Песнь о счастье. Памяти В. П. Астафьева


Перечитываю «Последний поклон» — и снова удивляюсь острому переживанию счастья, охватывающего всё моё существо. Художник сохранил для потомков-читателей мир, отнюдь не безмятежный, не безоблачный, но... совершенный, как Божий дар, в пределах которого даже боль и горе — не наказание свыше, а естественное следствие бытия, и миром, жизнью перемалываются, поглощаются, становятся новой плотью и душою, проникают существование как его особая энергия, необходимый жизненный витамин. Сам Астафьев написал в комментариях к пятому тому своего последнего прижизненного собрания сочинений: «Не вдруг, не сразу, но понял я, что чего-то в «Поклоне» не договорил, «перекосил» книгу в сторону благодушия, и получилась она несколько умильной, хотя я к этому сознательно и не стремился, а всё же жизнь пообтесал, острые углы пообпиливал, чтобы дорогие читатели, советские прежде всего, за них штанами не цеплялись и коленки не ушибли. А ведь жизнь тридцатых годов не из одних весёлых детских игрушек и затейливых игр состояла, в том числе и моя жизнь, и жизнь близких мне людей».

Какие уж там «одни весёлые детские игрушки»! Читаешь о маленьком мальчике, жизнь которого мало того что не раз и не два на наших глазах буквально висит на волоске, так ещё и ревматизм его ломает, и заботы — совсем не детские — отягощают его судьбу, а всё равно — «перекосил» в сторону благодушия»... словно боится писатель признаться самому себе в этом «постыдном» стремлении — поведать человечеству о счастье!

Убеждена: всё, что создано пером Астафьева,— почти бессознательная, по-птичьи инстинктивная, песнь о неисповедимой радости бытия. Вот она встаёт с первыми лучами весеннего солнца: «Сияй, солнышко! Радуй первосветом взор младенца и отразись последнею искрой в угасающем зрачке живого существа, чтобы унёс он с собой отблеск света твоего, как надежду на нескончаемость земной жизни»... Вот прячется письмом за божницей в горнице у бабушки Катерины Петровны: «...кто и сколько сватал тётю Маню. Выходило, что сватали её наперебой, и не только наши, деревенские, но и верховские, заезжие из Даурска, Ошарова, Сисима и аж из Минусинска. А сколько раз в кошеве приезжал из города сам Волков! Фотограф! Приезжал честь по чести, с колокольцами, со сватами, с дружками, с вином сладким и с речами ладными, и с присказками складными, а она, раскрасавица наша, чё? Да ничё! Даже на письмо его не ответила. А уж письмо-то было, письмо-то! Как в старинной книжке писанное — сказывалось всё в нём, будто в песне, любоф, любоф да ещё эта, как её, холера-то?
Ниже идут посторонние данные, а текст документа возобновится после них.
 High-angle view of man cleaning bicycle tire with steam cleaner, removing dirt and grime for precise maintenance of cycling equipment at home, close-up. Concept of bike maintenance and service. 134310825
Чувства. За божницей долго письмо хранилось, и как навёртывался грамотный человек, она просила его читать». Вот — плюхается галушками в баке, тиснутом фэзэушниками из кухни станционного буфета: «Сверху было жидко. Мы вынули из-под матраса доску, отломили от неё ощепину и шевелили ею хлёбово. Со дна, окутанные серым облаком отрубей, всплывали галушки, и тут, наверху, будто вёртких головастиков, с улюлюканьем поддевали ложками. Наевшись до отвала, мы позвали девчонок из соседнего барака и передали им ложки. Галушек в баке почти не осталось, мы их зарыбачили, но хлебать ещё можно было. Девки споро работали ложками и время от времени восторженно взвизгивали — из глубины бака возникала галушка: «Лови её! Чепляй! Не давай умырнуть! Пап-па-а-ала-ася-а-а-а! Рубай, девки, чтоб кровь в грудях кипела!..» — орали мы». И так чуть ли не на каждой странице любого произведения Астафьева — счастье является во всеразличных своих ипостасях, от восторженной, залихватской, разудалой до задумчивой, трогательной или философически напряжённой, по-тютчевски космичной. И если уж останавливать эту мысль соображениями о тёмной, болевой стороне астафьевского творчества, то ведь это, наверное, оттуда же — нет большего преступления, чем преступление против счастья; это и есть преступление против человечности — поруганное счастье есть искажённый страданием Божий лик.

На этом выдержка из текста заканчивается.